The following function unexpectedly fails due to division by zero, while according to the documentation it should return 0:

def f(x):
    print(jnp.abs(x) < 1.)
    return jnp.where(jnp.abs(x) < 1., 1. / (x - 1.), 0.)
f(1.) # prints false, then fails with division by zero

Interestingly enough, the jitted version does run correctly:

@jax.jit
def f_jit(x):
    return jnp.where(jnp.abs(x) < 1., 1. / (x - 1.), 0.)
f(1.) # returns 0

It seems that the unjitted jnp.where evaluates both branches? Is this expected behaviour - if so should a warning be added to the docs?

Thanks for the question!
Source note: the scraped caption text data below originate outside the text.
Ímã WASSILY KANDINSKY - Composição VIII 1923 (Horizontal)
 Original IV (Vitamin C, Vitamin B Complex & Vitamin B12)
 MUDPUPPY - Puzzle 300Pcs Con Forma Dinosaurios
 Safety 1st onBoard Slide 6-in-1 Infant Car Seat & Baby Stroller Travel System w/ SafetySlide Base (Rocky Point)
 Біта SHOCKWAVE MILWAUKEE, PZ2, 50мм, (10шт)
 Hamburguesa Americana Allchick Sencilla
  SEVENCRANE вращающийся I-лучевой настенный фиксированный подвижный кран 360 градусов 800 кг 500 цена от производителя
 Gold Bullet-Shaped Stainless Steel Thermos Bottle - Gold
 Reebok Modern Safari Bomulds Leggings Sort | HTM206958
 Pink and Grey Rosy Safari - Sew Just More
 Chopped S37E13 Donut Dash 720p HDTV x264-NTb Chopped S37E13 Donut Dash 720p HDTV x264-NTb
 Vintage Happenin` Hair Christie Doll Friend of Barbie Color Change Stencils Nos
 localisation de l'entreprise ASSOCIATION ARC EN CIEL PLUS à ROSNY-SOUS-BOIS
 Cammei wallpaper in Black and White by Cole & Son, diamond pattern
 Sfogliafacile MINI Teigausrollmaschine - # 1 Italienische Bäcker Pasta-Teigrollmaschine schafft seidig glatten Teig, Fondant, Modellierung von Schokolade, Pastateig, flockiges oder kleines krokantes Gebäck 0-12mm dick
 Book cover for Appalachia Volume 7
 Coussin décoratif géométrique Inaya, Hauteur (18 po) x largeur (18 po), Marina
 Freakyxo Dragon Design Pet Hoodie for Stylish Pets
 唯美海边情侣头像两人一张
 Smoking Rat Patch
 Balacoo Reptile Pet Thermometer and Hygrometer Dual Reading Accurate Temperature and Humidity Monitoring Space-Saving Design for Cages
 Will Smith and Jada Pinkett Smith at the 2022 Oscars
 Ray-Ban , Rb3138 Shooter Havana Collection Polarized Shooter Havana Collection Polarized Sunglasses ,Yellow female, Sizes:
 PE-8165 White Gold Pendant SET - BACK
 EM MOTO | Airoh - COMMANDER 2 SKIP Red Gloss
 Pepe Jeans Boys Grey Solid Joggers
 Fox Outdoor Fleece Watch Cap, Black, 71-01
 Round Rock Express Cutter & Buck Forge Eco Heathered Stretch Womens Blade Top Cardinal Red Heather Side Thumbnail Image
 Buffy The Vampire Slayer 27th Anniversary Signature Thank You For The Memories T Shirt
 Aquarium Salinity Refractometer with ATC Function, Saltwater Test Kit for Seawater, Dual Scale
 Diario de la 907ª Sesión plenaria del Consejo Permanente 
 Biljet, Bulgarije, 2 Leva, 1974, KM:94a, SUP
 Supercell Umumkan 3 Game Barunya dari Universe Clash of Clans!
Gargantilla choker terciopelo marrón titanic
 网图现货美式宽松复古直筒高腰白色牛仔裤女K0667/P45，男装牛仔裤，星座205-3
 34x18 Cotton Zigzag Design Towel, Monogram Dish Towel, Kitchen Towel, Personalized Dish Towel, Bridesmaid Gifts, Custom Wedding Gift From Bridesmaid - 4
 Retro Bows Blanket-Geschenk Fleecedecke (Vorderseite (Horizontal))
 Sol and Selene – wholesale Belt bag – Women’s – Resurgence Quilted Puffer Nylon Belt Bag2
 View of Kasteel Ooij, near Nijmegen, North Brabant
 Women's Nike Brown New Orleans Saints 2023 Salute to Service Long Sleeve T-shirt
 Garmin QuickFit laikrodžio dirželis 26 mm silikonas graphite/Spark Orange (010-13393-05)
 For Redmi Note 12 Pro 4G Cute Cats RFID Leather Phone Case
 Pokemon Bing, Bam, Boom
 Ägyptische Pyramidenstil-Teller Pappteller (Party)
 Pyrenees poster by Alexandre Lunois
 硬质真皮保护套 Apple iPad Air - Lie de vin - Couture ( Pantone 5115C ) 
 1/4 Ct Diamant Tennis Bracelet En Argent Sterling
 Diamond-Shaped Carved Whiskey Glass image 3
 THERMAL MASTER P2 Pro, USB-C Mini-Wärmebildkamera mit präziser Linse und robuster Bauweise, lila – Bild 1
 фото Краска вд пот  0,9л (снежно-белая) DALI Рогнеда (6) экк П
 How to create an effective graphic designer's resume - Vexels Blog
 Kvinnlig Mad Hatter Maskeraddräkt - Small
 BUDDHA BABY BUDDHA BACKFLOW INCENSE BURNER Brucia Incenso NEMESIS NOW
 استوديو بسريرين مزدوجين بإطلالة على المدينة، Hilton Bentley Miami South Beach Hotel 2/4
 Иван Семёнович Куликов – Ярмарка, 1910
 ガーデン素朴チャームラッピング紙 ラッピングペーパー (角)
Yes, it's expected behavior that jnp.where evaluates both branches. Actually the jitted function does too. The issue here is that without jax.jit the division is just Python builtin floating point division, not involving JAX at all, and so that's causing the error.

To involve JAX in the version without jit, try this:

import jax
import jax.numpy as jnp

def f(x):
    print(jnp.abs(x) < 1.)
    return jnp.where(jnp.abs(x) < 1., 1. / (x - 1.), 0.)
f(jnp.array(1.))  # notice `jnp.array(1.)` instead of `1.`

jax.numpy.where is just like numpy.where, and it's just an ordinary function in Python, where arguments are evaluated before function application.